Regarding Claim 11: VENKATARAMANI et al.  ( USPUB  20190303743) teaches A hardware system for performing mappings in convolutional neural network layers ( Paragraph [0078]- “…Coarse-grained Data Instructions 1004: e.g., compute dominant instructions such as convolutions (nD-convolutions), etc. They may be executed on the PE arrays of a compute intensive tile….”and Paragraphs [0076] and [0080]) , comprising: a synchronized, two-dimensional array of locally interconnected processing elements regularly organized on a grid ( FIG. 9 and Paragraph [0074]- “…The processing tiles in FIG. 9 are arranged as a multiple dimensional (e.g., 2D) grid, with alternating columns (e.g., or rows) of compute intensive tiles and memory intensive tiles. Chip 900 includes a plurality (e.g., 3) compute intensive tiles per memory intensive tile,…” AND Paragraph [0053]-“…The neurons in a convolutional layer may be arranged as multiple dimensional grids (e.g., two, three, four dimensional, etc.) called features.
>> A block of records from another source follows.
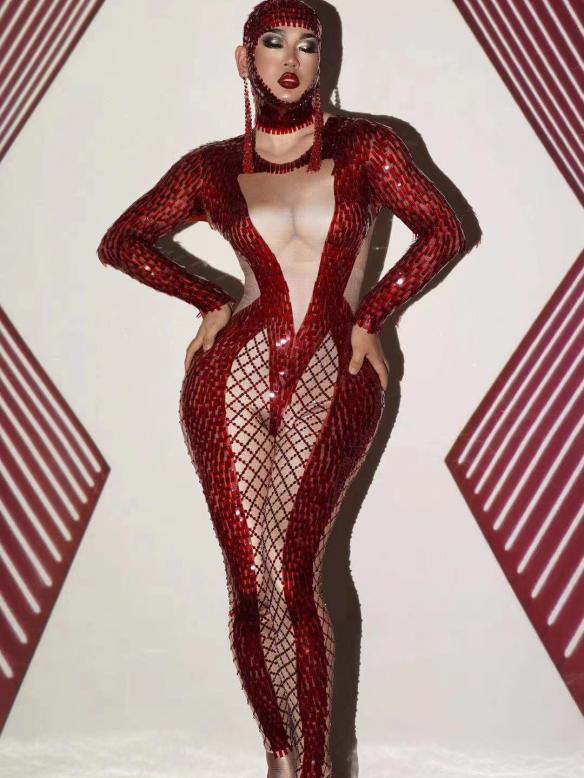 Red Mesh Bodysuit （include headdress）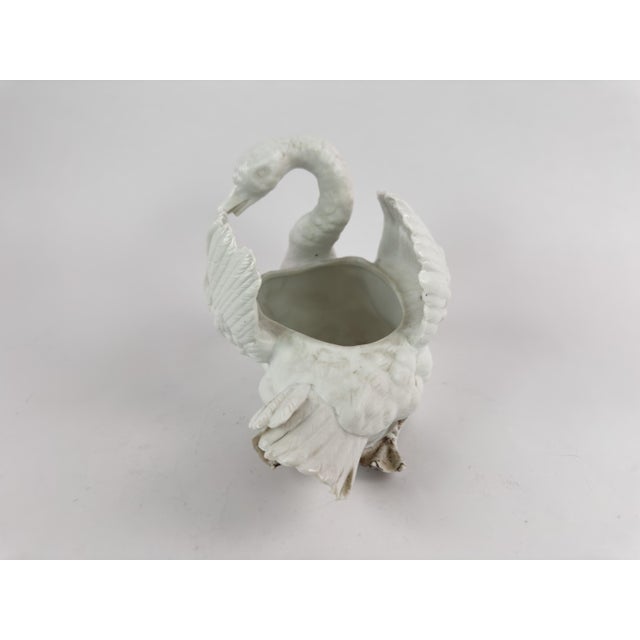 Victorian Antique White Bisque Porcelain Swan Planter – Sculptural Jardinière For Sale - Image 3 of 12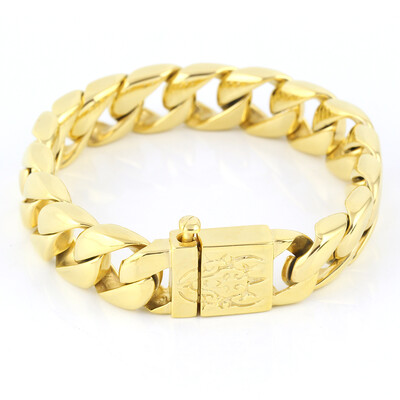 

Lower Price Stainless Steel Bracelet 18K Gold Plated Link Hiphop Mens 2016 New Arrival stainless steel&gold bracelet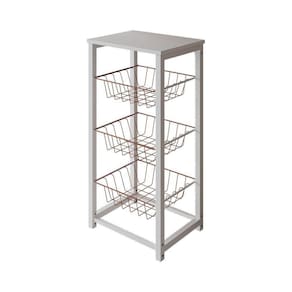 Fruteira De Chão Cozinha Desmontada Aço Branco Cesto Cobre Tampo Branco Madri Cor: Branco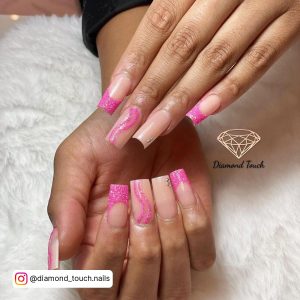 French Ombre Nails With Sparkles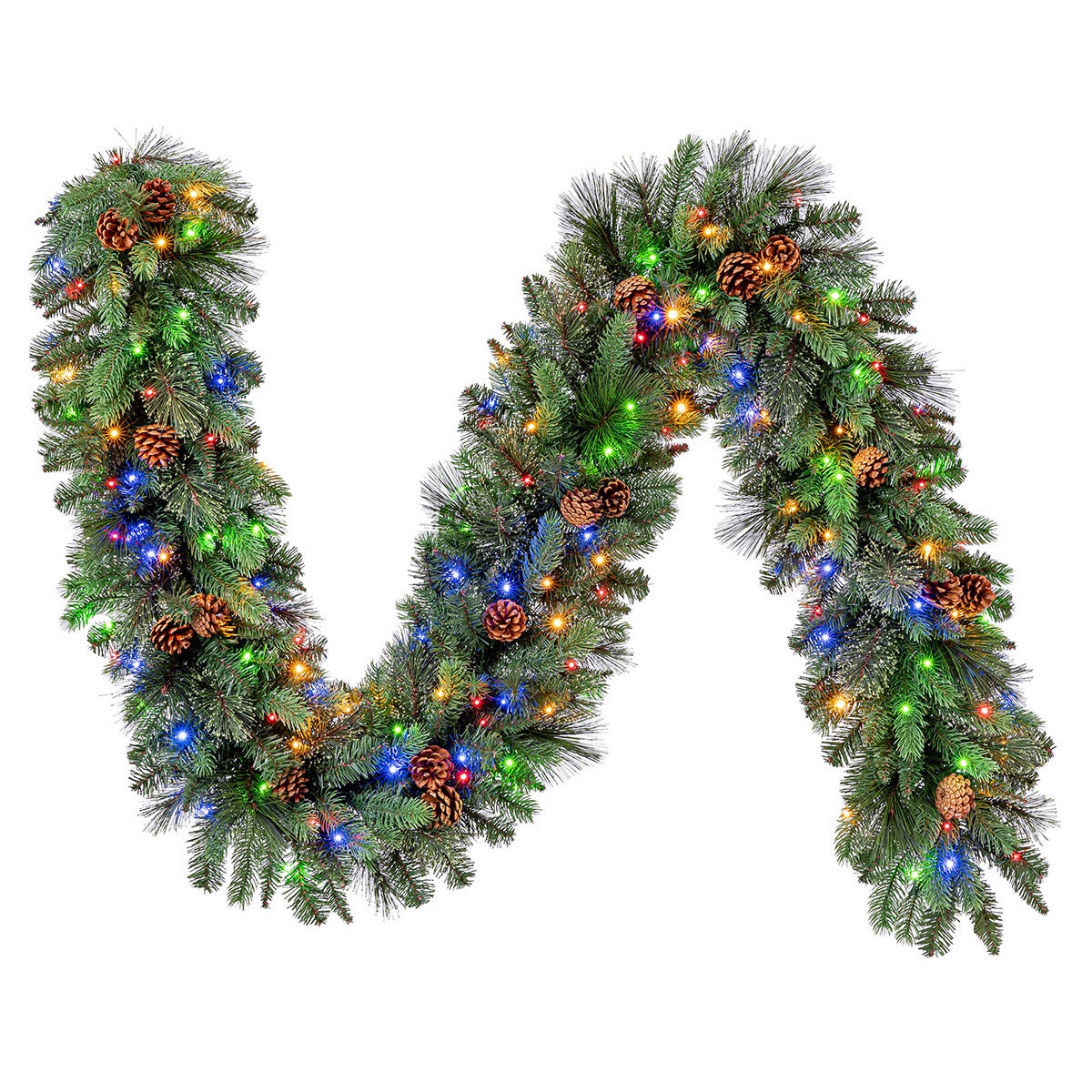 9 Foot Greenery Garland With Pre-Lit Micro LED Dual Color Lights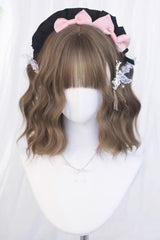 Hazelnut Honey Tea Light Brown Short Wavy Sweet Lolita Wig - Honey-Tea-Light-Brown - 1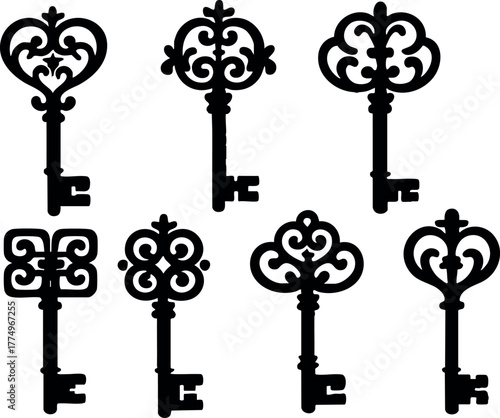 Vintage ornamental keys set with intricate decorative patterns and antique style isolated on white background vector illustration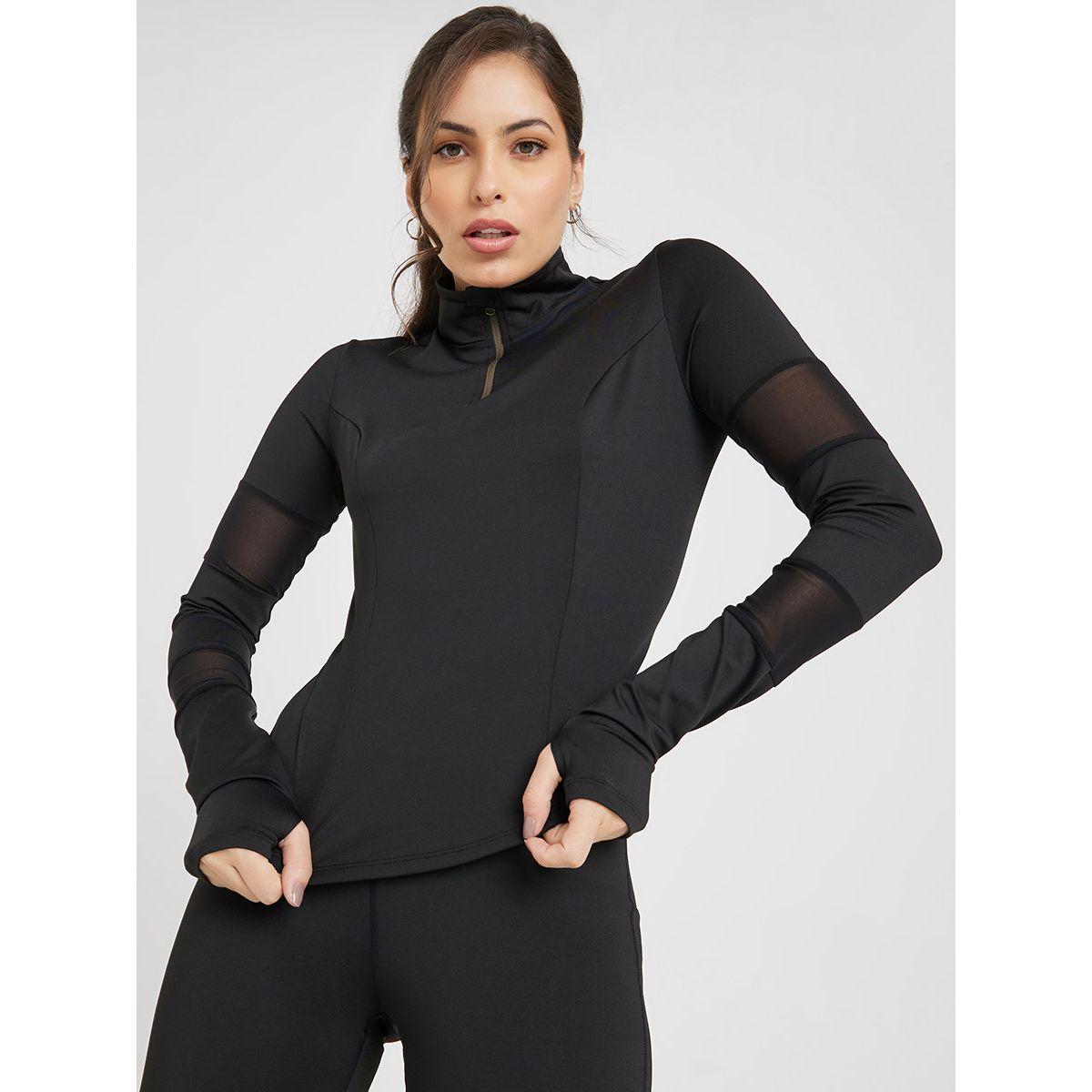 Styli Active Half Zip Thumbhole Detail Mesh Insert Sleeve Top & Leggings Active Set-women-clothing-sportswearandactivewear-trackpantsandtracksuits-image-3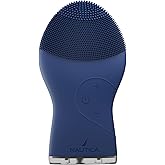 Nautica PC120 Facial Cleansing Brush Made with Ultra-Hygienic Soft Silicone, Waterproof, Rechargeable Vibrating Face Exfoliator Scrub Brush with Sonic Technology for Men & Women - Navy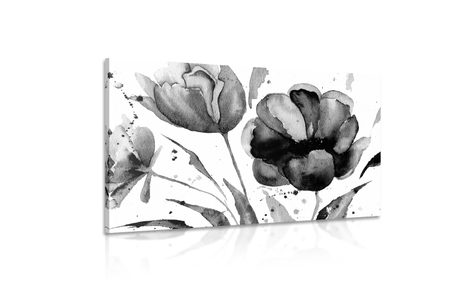 WANDBILD WUNDERSCHÖNE SCHWARZ-WEISSE TULPEN IM INTERESSANTEN DESIGN - SCHWARZ-WEISSE BILDER - BILDER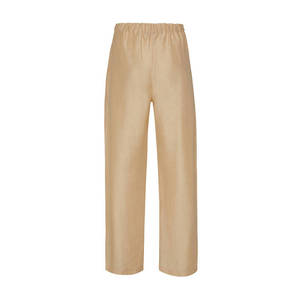 Pantalones Anchos de Lino Beige de Cintura Alta y Corte Holgado para Mujer - Product Image 3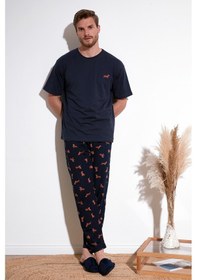 Resim Buratti Pamuklu Regular Fit Kısa Kollu Erkek Pijama Takımı 6572012 Lacivert 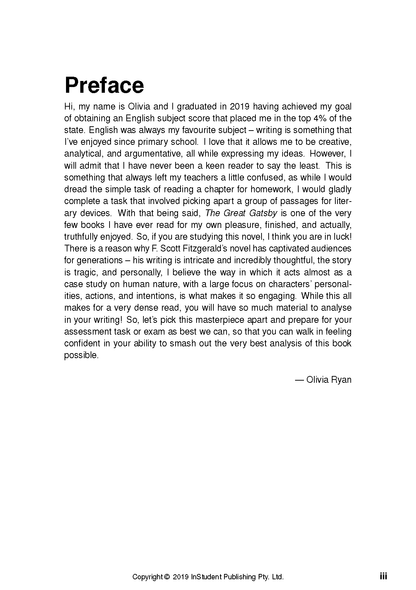 Text Guide page displaying a "Preface" section with black text discussing "The Great Gatsby by F. Scott Fitzgerald," signed Olivia Ryan.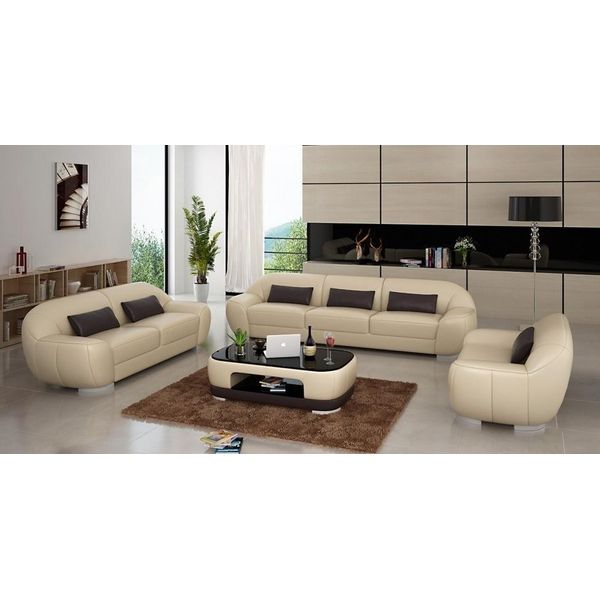Set Di Divani 3+2+1 Couch Upholstery Seat Leather Set Designer Set New Homberg W-image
In one embodiment, the layer takes multiple input features and produces multiple feature outputs….”) , 
Within analogous art , Yu Hsin Chen (NPL Doc. : “Eyeriss: A Spatial Architecture for Energy Efficient Data flow for Convolutional Neural Networks,” 18th June 2016, 2016 ACM/IEEE 43rd Annual International Symposium on Computer Architecture, ACM SIGARCH Computer Architecture News,Volume 44,Issue 3,June 2016, Pages 367-376 ) teaches the grid defining three different flow directions of unidirectional dataflows between connected neighboring processing elements on the array (Page 373- Col. 1- “Weight Stationary …PE at each cycle is either passed to its neighbor PE…” AND Page 375- Col. 1 & 2- D. Dataflow Modeling Side Note ..  as communication with a neighbor PE…” AND Figure 8 and 9 )  , each processing element comprising: a first logical level comprising:  three inputs for receiving partial results of incoming unidirectional dataflows ( logical array and dataflow taught within Page 372- Col. 1 – “…B. Two-Step Primitive Mapping .. Logical Mapping : …Physical Mapping …”) , an addition unit adapted for accumulating received partial results of two different unidirectional dataflows ( Page  367- Col. 1- “Abstract -minimizing data movement of partial sum accumulations. Unlike dataflows used in existing designs, which only reduce certain types of data movement, the proposed RS dataflow can adapt to different CNN shape configurations and reduces all types of data movement through maximally utilizing the processing engine (PE) local storage…” AND Page 378-Col. 1- “…a novel dataflow, called row stationary (RS), is presented that minimizes energy consumption by maximizing input data reuse (filters and feature maps) and minimizing partial sum accumulation cost simultaneously, and by accounting for the energy cost of different storage levels. Compared with existing dataflows such as the output stationary (OS), weight stationary (WS), and no local reuse (NLR) dataflows…”)  , thereby providing updated partial results ( Page 376- Col. 2- “…The results for other PE array sizes show a similar trend. While the WS and OS dataflows are most energy efficient at weight and psum accesses, respectively, they sacrifice the reuse of other data types: WS is inefficient at ifmap reuse, and the OS dataflows cannot reuse ifmaps and weights as efficiently as RS since they focus on generating psums that are reducible…”) ,
within claim 1, but does not teach the limitations, nor render obvious the following limitations : “at least three synchronized output registers for temporarily storing partial results during a computation cycle, stored partial results of three output registers corresponding to values of outgoing unidirectional dataflows, and output selection means for selecting, for each output register, a partial result to be stored from one of a received partial result, an updated partial result or a generated partial result, a second logical level comprising a storage element for selectively storing a received weight and selectively storing a data entry in the input map, the storage element being adapted to propagate a stored weight and/or a data entry in the input map to the storage element of a neighboring connected processing element, and a multiplication unit for generating a partial result based on the stored weight and the stored data entry in the input map, a global control logic for generating synchronization signals and control signals for each processing element, global input means for receiving, at most once per neural network layer, data entries in the input map and weights of selected convolution kernels and for applying them to a subset of processing elements at a boundary of the array, the applied weights being stored in the storage element of the processing elements for reuse for as long as new data entries of the input map are applied, received data entries in the input map being reused for a plurality of data entries in the output depending thereon, global output means for reading out, from a subset of processing elements at a boundary of the array, fully accumulated results as data entries in the output map of a convolutional neural network layer.”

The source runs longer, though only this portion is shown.